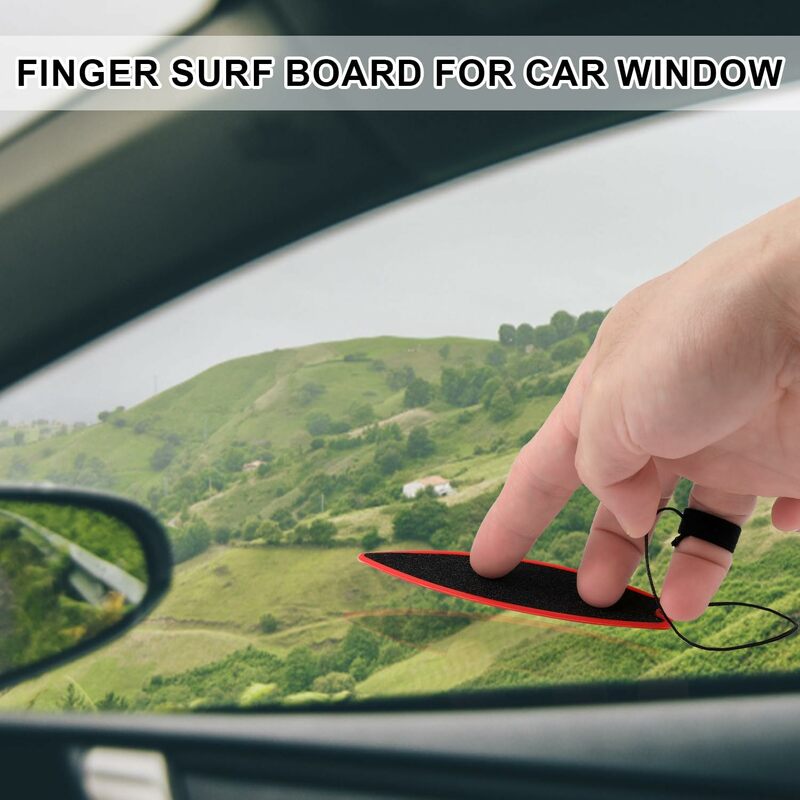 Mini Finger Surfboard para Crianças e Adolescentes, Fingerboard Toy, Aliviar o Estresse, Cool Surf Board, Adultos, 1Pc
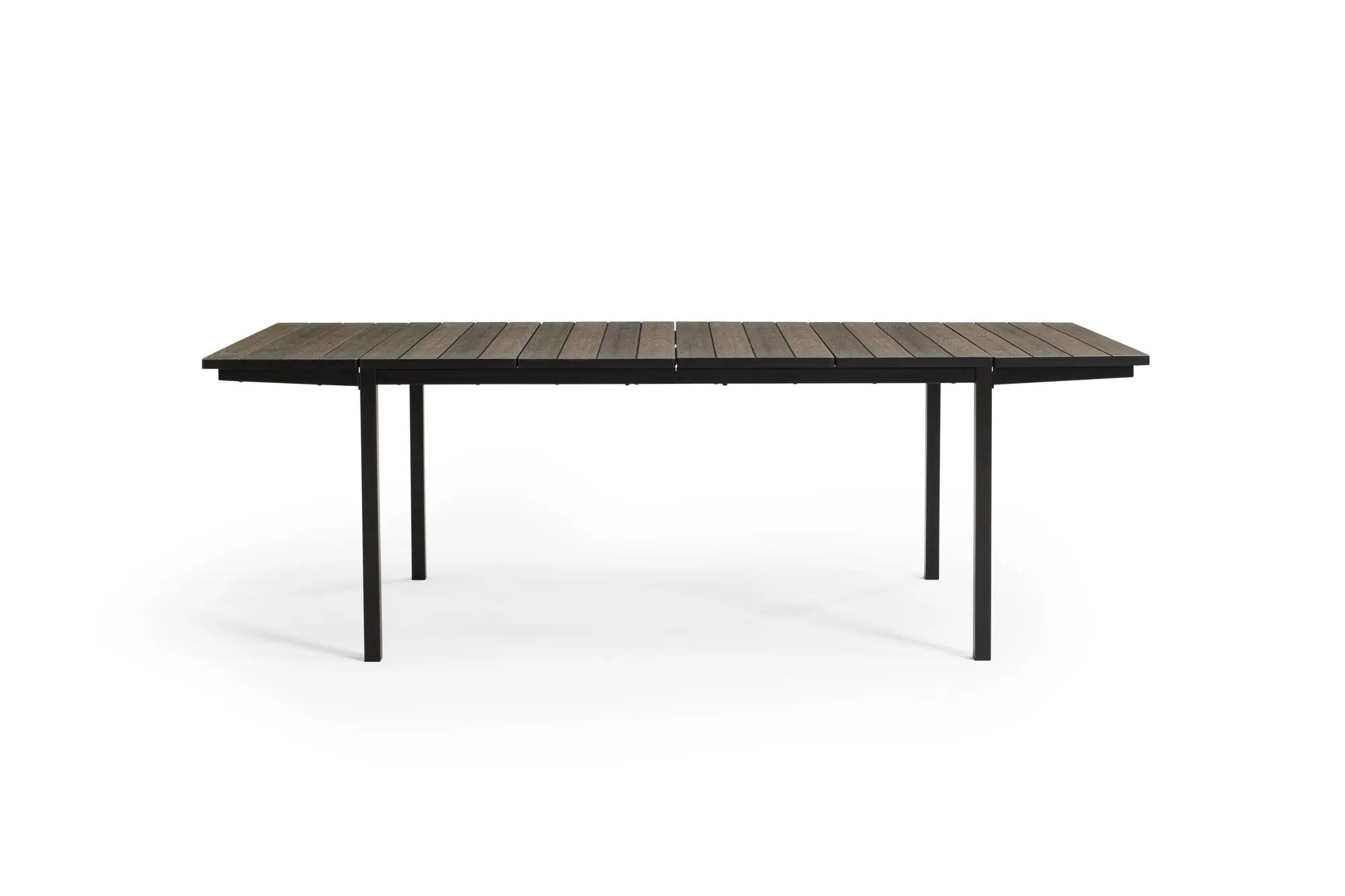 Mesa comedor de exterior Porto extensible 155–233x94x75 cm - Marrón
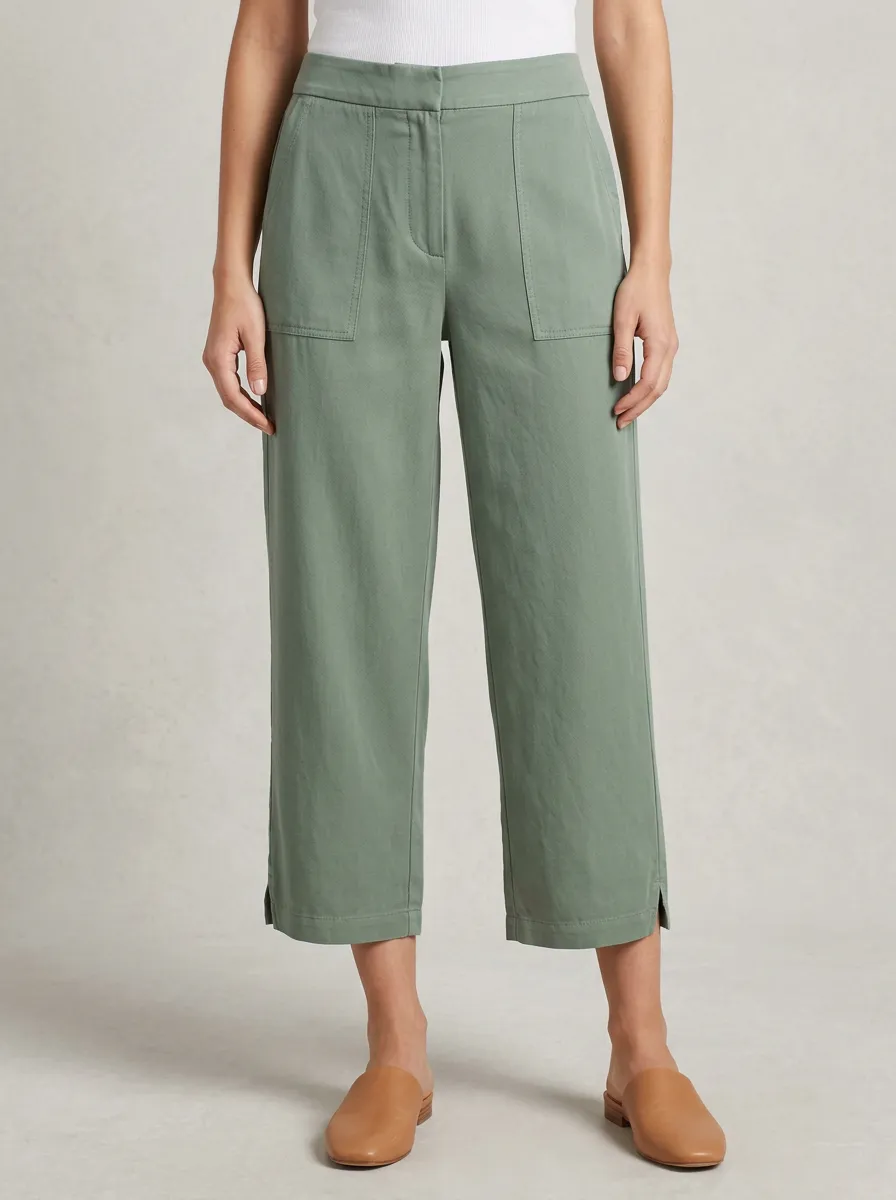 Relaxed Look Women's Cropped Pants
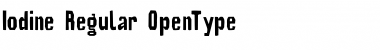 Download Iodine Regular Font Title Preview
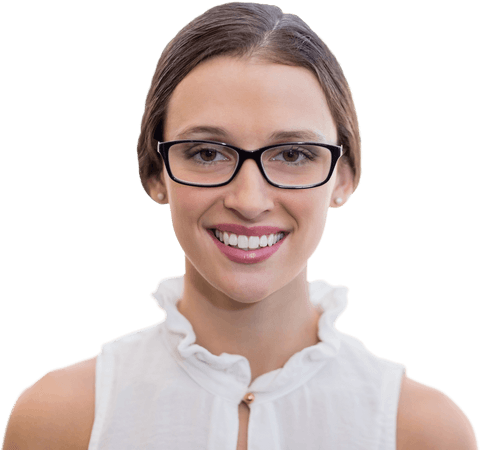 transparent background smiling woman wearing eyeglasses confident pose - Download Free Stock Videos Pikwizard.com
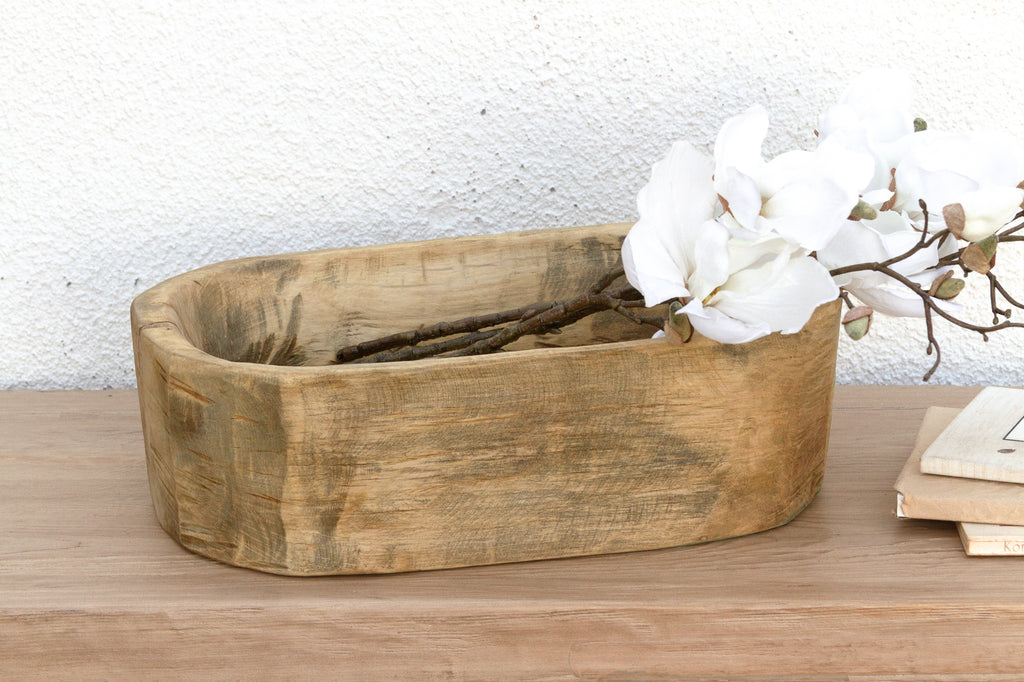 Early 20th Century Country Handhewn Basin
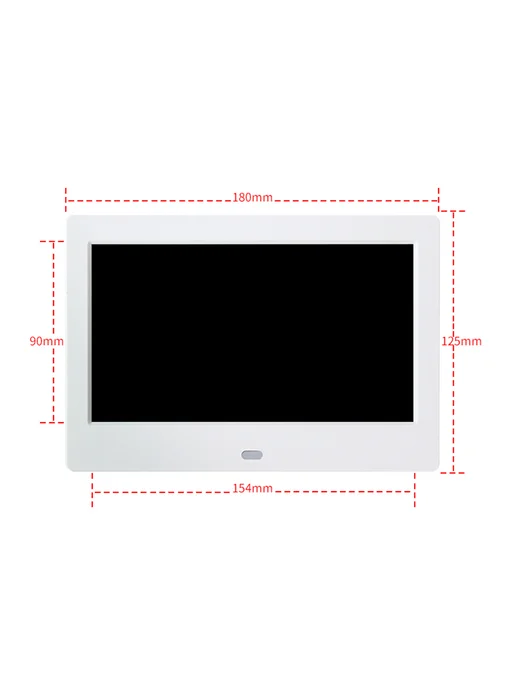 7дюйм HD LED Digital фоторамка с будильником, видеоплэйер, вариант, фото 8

About this exercise —
A faithful copy of the records above is needed, with the pictures left out.

Completed task —
 Mini Finger Surfboard para Crianças e Adolescentes, Fingerboard Toy, Aliviar o Estresse, Cool Surf Board, Adultos, 1Pc
 Mesa comedor de exterior Porto extensible 155–233x94x75 cm - Marrón
 Relaxed Look Women's Cropped Pants
 Download Iodine Regular Font Title Preview
 transparent background smiling woman wearing eyeglasses confident pose - Download Free Stock Videos Pikwizard.com
 Early 20th Century Country Handhewn Basin
 7дюйм HD LED Digital фоторамка с будильником, видеоплэйер, вариант, фото 8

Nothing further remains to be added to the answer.